President Joe Biden previously announced that about 84 million Americans who work at companies with 100 or more employees would need to be vaccinated against COVID-19 by Jan. 4 or get tested for the virus weekly. 

That target date is now up in the air as challenges to Biden's COVID-19 vaccine mandate for private employers is consolidated in the U.S. 6th Circuit Court of Appeals, a panel dominated by judges appointed by Republicans, the Associated Press reported. 

The Cincinnati-based court was selected Tuesday in a random drawing using ping-pong balls, a process employed when challenges to certain federal agency actions are filed in multiple courts.

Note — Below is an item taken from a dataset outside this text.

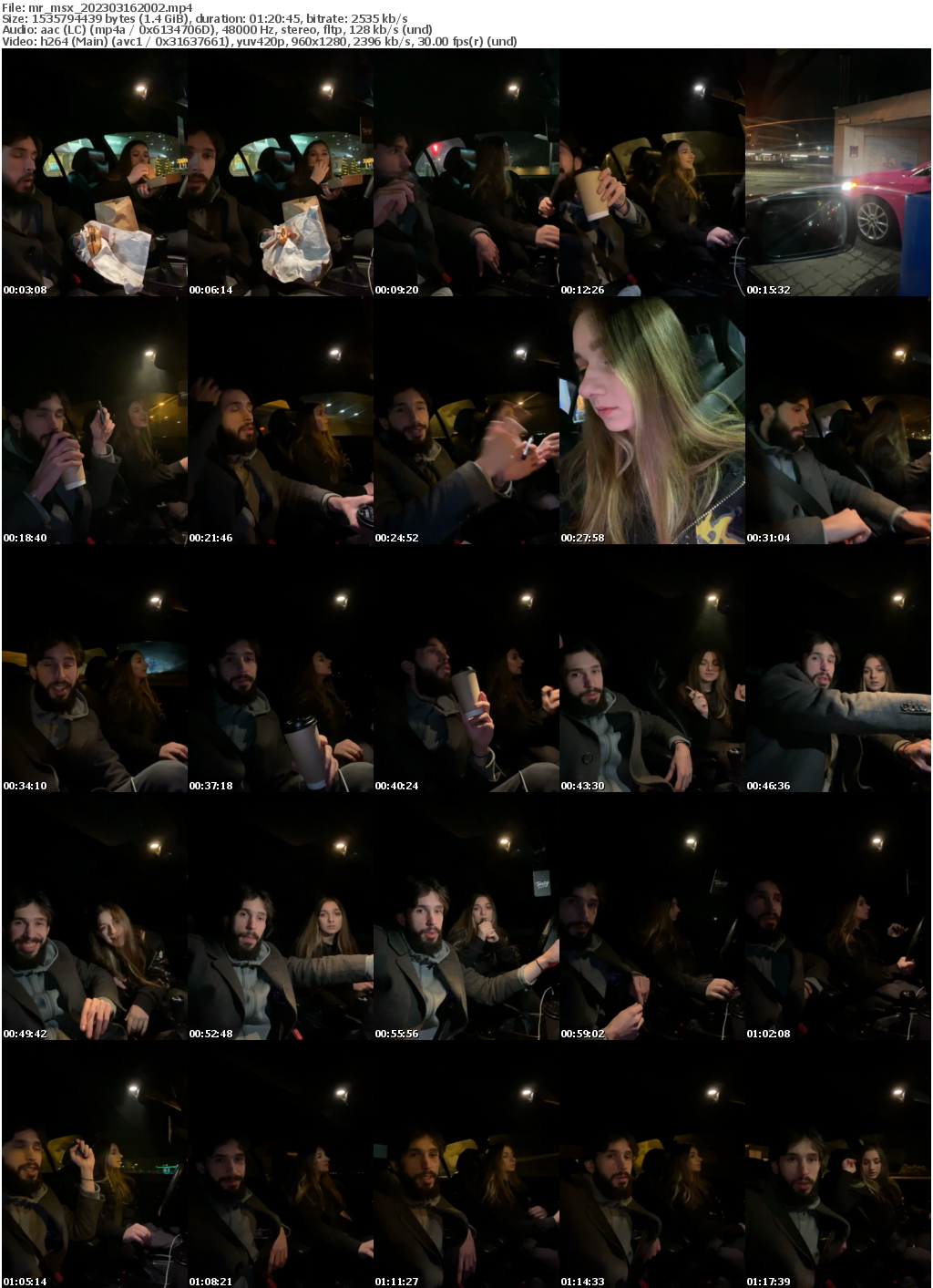 Preview thumb from mr_msx on 2023-03-16 @ bongacams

Another court where a majority of judges were nominated by Republicans, the New Orleans-based 5th Circuit Court of Appeals, issued a ruling that put the mandate on hold.

It's not clear whether the court that will hear the case will act as the 5th Circuit did and side quickly with the Republican challengers. But legal experts have become increasingly concerned in recent years about the politicization of both federal and state courts, raising questions about whether justice is fairly administered or dispensed through a partisan lens.

Previously this year, the lottery had been used to assign just two cases. One involved fallout from a National Labor Relations Board ruling on an anti-union Twitter message by Tesla founder Elon Musk where objectors filed in two circuits. The other was over orders from the Federal Energy Regulatory Commission in which objectors filed in three.

The employer vaccine mandate is higher profile and further reaching. It calls for businesses with more than 100 workers to require employees to be vaccinated by Jan. 4 or wear masks and be tested weekly for COVID-19. Exemptions are provided for religious reasons and for those who work at home or only outdoors.

The Associated Press contributed to this report.